Emergency packs – Your car should be stocked with first-aid kits, emergency flares or reflectors, tools, and any other items that may help in case of a crash. Reflective triangles or flares placed at least 100 feet away from the crash will help to divert other traffic away from the crash site. If the collision occurred around a sharp curve or other obstruction, someone should be sent to wave down or otherwise warn oncoming traffic of the danger ahead.
If the vehicles can be moved, they should be moved off the roadway as quickly as possible. If the vehicles can’t be moved, all victims who are capable of walking should be moved well off the roadway to a safe location to avoid secondary collisions.
License, insurance, and registration – Your teen should always know where the vehicle’s registration and proof in insurance card are located. They should always be kept together in an envelope in the glove box. Most state laws require that drivers who are involved in a crash share their driver’s license number, vehicle registration, proof of insurance, and current address with law enforcement officers and other persons involved.
In most states, if a collision results in more than $500 in damages either to vehicles, or public or private property, the police must be called. If the police are not called, a formal report must be made to local law enforcement within 24 hours.

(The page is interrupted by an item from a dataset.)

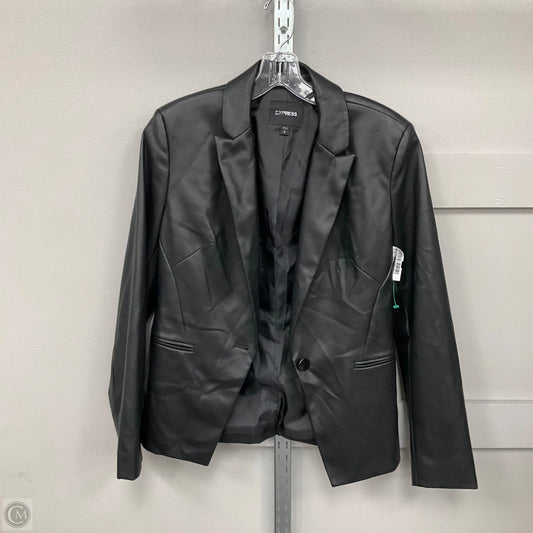 Jacket Leather By Express In Black, Size: S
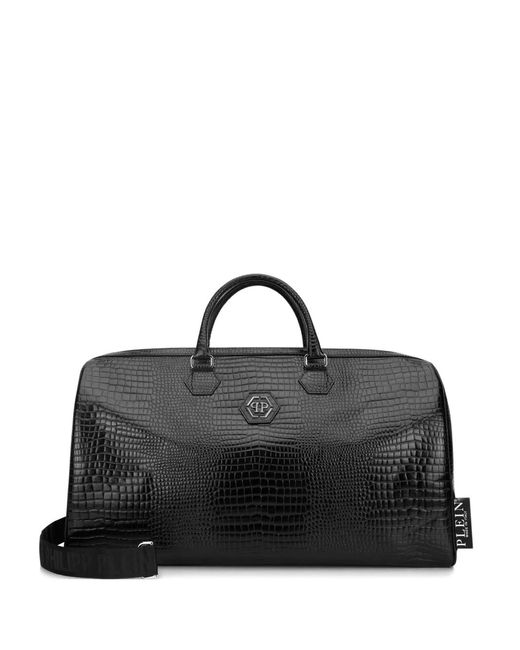 Borsa Weekend Con Logo di Philipp Plein in Black da Uomo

Documentation – Nowadays, with cell phones, a camera is never far away. Take pictures of the crash site and any damages that may have occurred. Note and take pictures of conditions, such as weather, roadway hazards, or whether or not the sun’s position may have blinded a driver, etc. Get the names and phone numbers of any witnesses. If the collision results in a court case, having as much documentation as possible will help.
A car crash is no time to panic or lose one’s cool. Handle it properly and there will be fewer hassles, in the long run, for the teen driver.